Document that "branch -f <branch>" disables only the safety to
avoid recreating an existing branch.
* jc/doc-branch-update-checked-out-branch:
branch: document `-f` and linked worktree behaviour
"git ls-tree --format='%(path) %(path)' $tree $path" showed the
path three times, which has been corrected.
* rs/ls-tree-path-expansion-fix:
ls-tree: remove dead store and strbuf for quote_c_style()
ls-tree: fix expansion of repeated %(path)
Document ORIG_HEAD a bit more.
* pb/doc-orig-head:
git-rebase.txt: add a note about 'ORIG_HEAD' being overwritten
revisions.txt: be explicit about commands writing 'ORIG_HEAD'
git-merge.txt: mention 'ORIG_HEAD' in the Description
git-reset.txt: mention 'ORIG_HEAD' in the Description
git-cherry-pick.txt: do not use 'ORIG_HEAD' in example
The logic to see if we are using the "cone" mode by checking the
sparsity patterns has been tightened to avoid mistaking a pattern
that names a single file as specifying a cone.
* ws/single-file-cone:
dir: check for single file cone patterns
"git diff --relative" did not mix well with "git diff --ext-diff",
which has been corrected.
* jk/ext-diff-with-relative:
diff: drop "name" parameter from prepare_temp_file()

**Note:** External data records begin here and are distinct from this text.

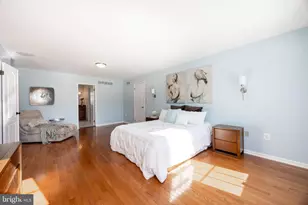 1004 Meridian Way, Yardley, PA 19067 - Photo 20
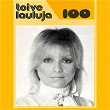 Toivelauluja 100 - 1975 | Black & White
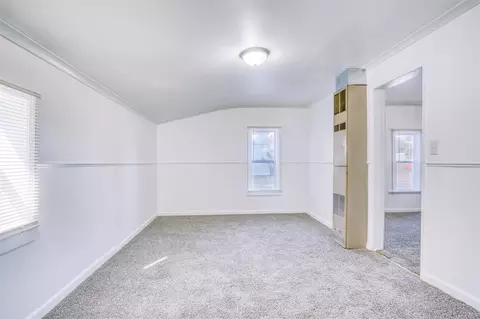 Living - 116 E 8th, Evart, MI 49631 photo 2 of 3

diff: clean up external-diff argv setup
diff: use filespec path to set up tempfiles for ext-diff
Fix to a small regression in 2.38 days.
* ab/bundle-wo-args:
bundle <cmd>: have usage_msg_opt() note the missing "<file>"
builtin/bundle.c: remove superfluous "newargc" variable
bundle: don't segfault on "git bundle <subcmd>"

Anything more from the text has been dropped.